Orders placed with U.S. factories rose in May, reflecting broad-based gains that signal manufacturing is stabilizing.
The 2.1 percent gain in bookings followed a revised 1.3 percent advance the prior month, the Commerce Department reported last week in Washington. The median forecast of 61 economists in a Bloomberg survey called for a 2 percent increase. Demand for capital equipment increased more than the government previously estimated.
Sales of motor vehicles, gains in residential construction, and a boom in domestic energy production are helping make up for weakness in U.S. export markets. A pickup in business investment in new equipment and improving consumer demand would help bolster manufacturing and the expansion in the second half of 2013.
“If you look at manufacturing in general it’s been in one of the biggest expansionary tracks we’ve seen,” Drew Matus, deputy U.S. chief economist at UBS Securities LLC in Stamford, Conn., said before the report. “The U.S. seems like it’s doing much better than the rest of the world.”
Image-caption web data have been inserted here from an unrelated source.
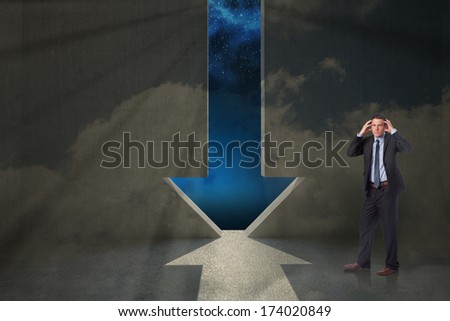 Stressed businessman with hands on head against arrow door in dark room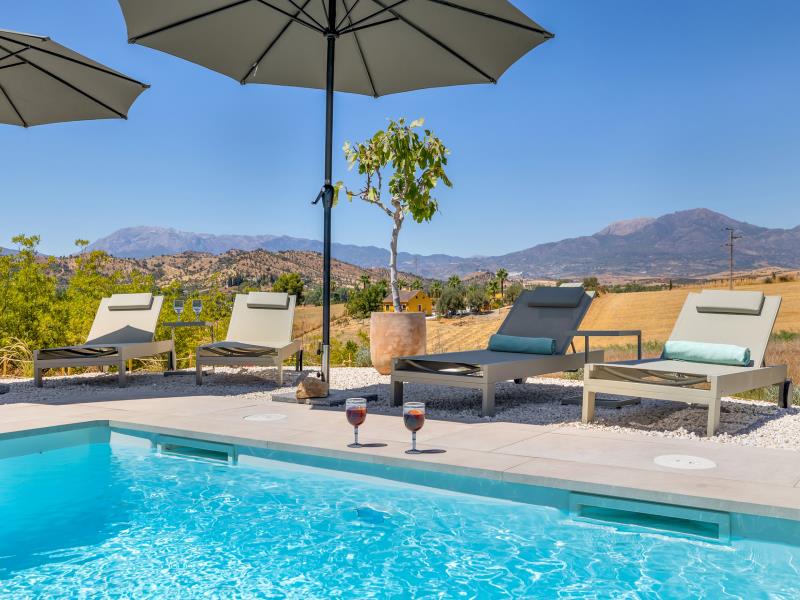 Sun loungers by the pool with wine glasses and mountain views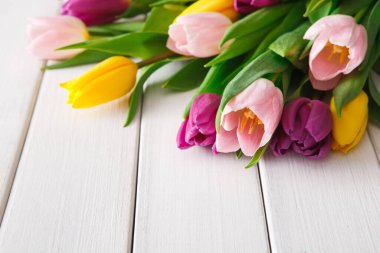 Farklı renklerde taze laleler beyaz ahşap bir masanın üzerinde toplanır. Çiçekler pembe, mor ve sarıdır. Bu düzenleme bahar ve tazeliğin özünü yakalar..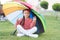 Find peaceful private space to relax. Under big umbrella. Girl child long hair meditate park under umbrella. Stay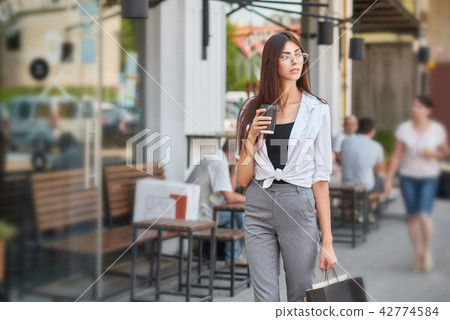 Stylish student walking in downtown drinking coffee. 42774584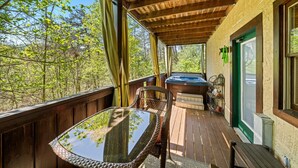 A wooden deck with a glass-top table and chairs, a hot tub, and a door with a green frame. - Smoky Mountain Getaway: Leave the World Behind (Pigeon Forge)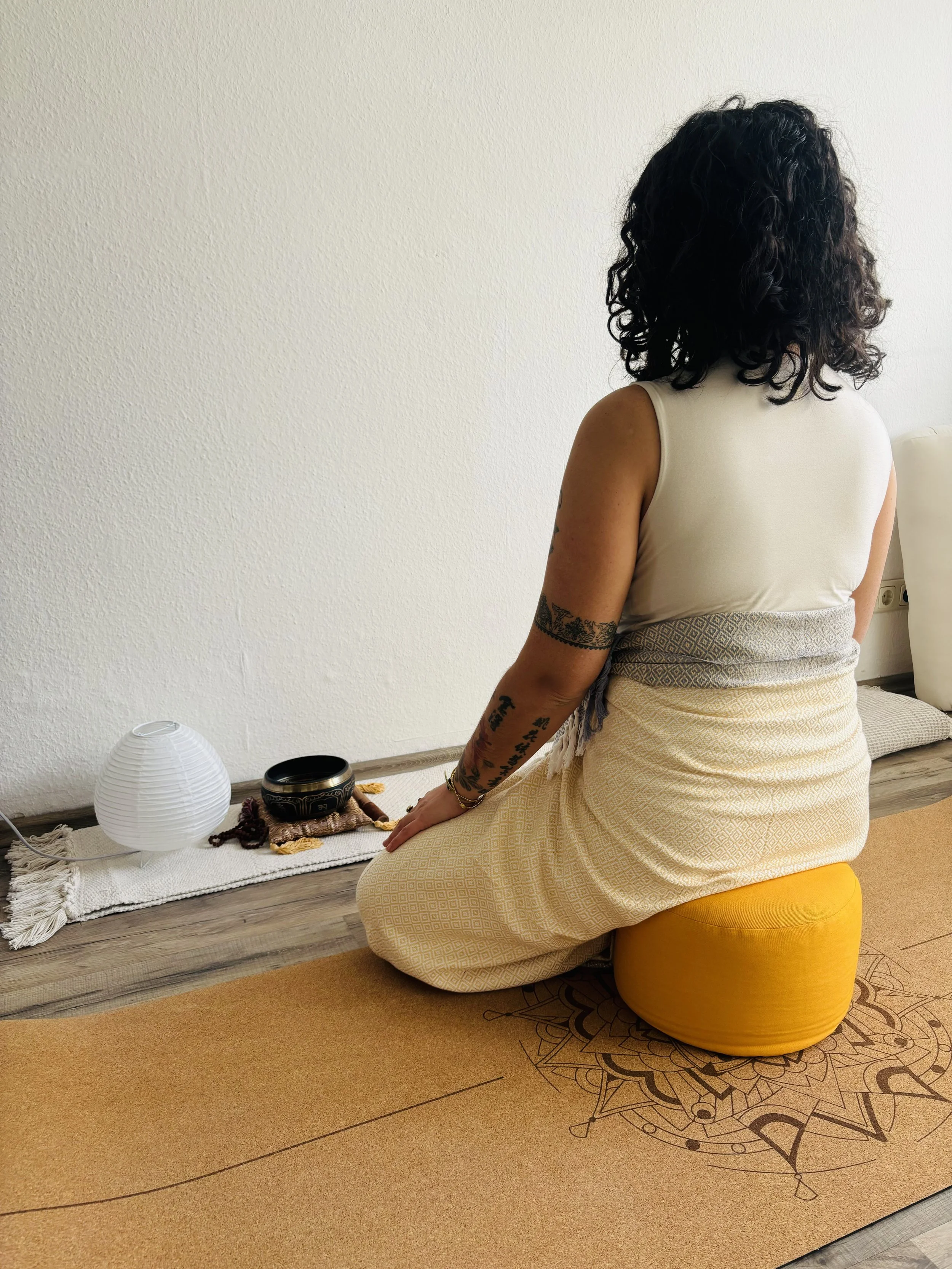 A woman sitting on a yellow meditation cushion on yoga mat, facing a wall with a small altar featuring a white lantern, a Tibetan sound bowl, practicing mindfulness in a minimalistic room.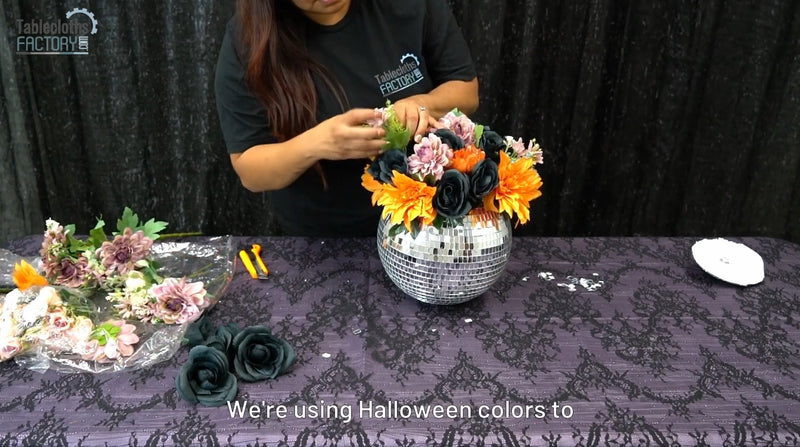 Person arranging Halloween flowers into a disco ball vase with black and orange blooms.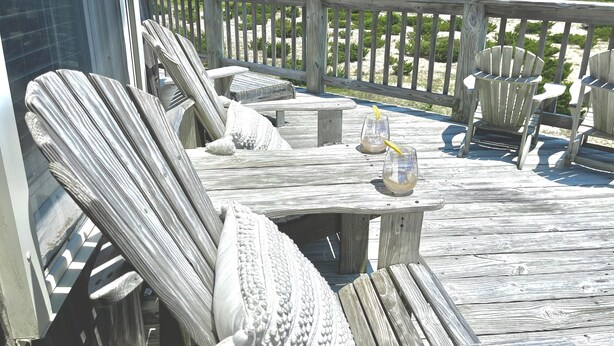 A wooden deck with Adirondack chairs and a table, overlooking a beach with dunes and the ocean.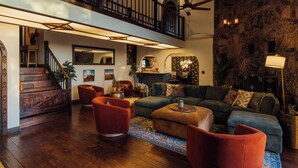 Ampla sala de estar com escada, piso de madeira e parede de destaque em pedra.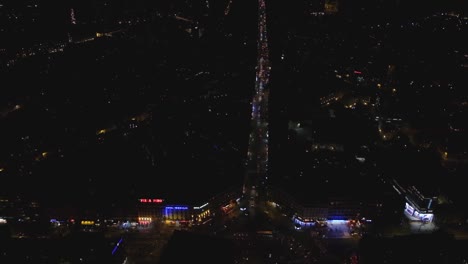 Bird's-eye-view-of-beautifully-lit-Paris-streets-at-night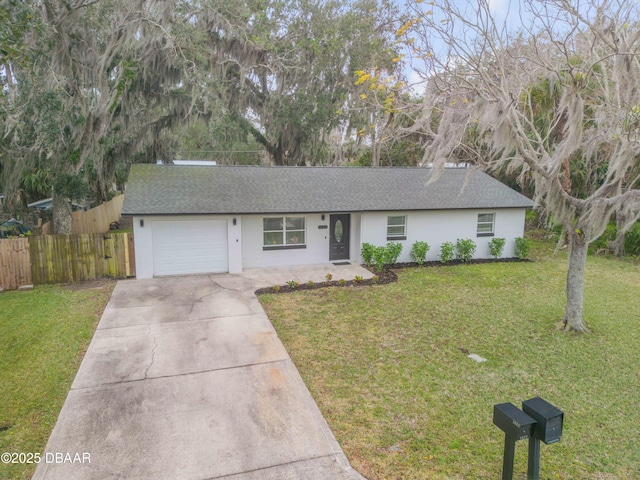 single story home with a garage and a front yard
Estimates in the Bloomberg survey ranged from a 1 percent drop to a 4.9 percent gain after a previously reported 1 percent advance in April.
Factory orders excluding the volatile transportation component climbed 0.6 percent after a 0.2 percent increase the prior month, the Commerce report showed.
Bookings for commercial aircraft jumped 50.8 percent after climbing 18.4 percent in April. Chicago-based Boeing Co. received 232 aircraft orders in May after 51 in April.
Bookings for durable goods, which make up more than half of total factory demand, rose 3.7 percent. Last week’s reading was little changed from the 3.6 percent gain the Commerce Department initially estimated on June 25.
Orders for nondurable goods including petroleum climbed 0.7 percent. The gain in nondurables reflected gains in fuel and chemicals, last week’s report showed. Because the figures aren’t adjusted for inflation, they’re often influenced by changes in prices rather than shifts in demand.
Bookings for capital goods, excluding aircraft and military equipment, an indicator of future business investment, increased 1.5 percent in May, a third consecutive advance. The reading was revised up from the government’s first estimate late last month which showed a 1.1 percent gain.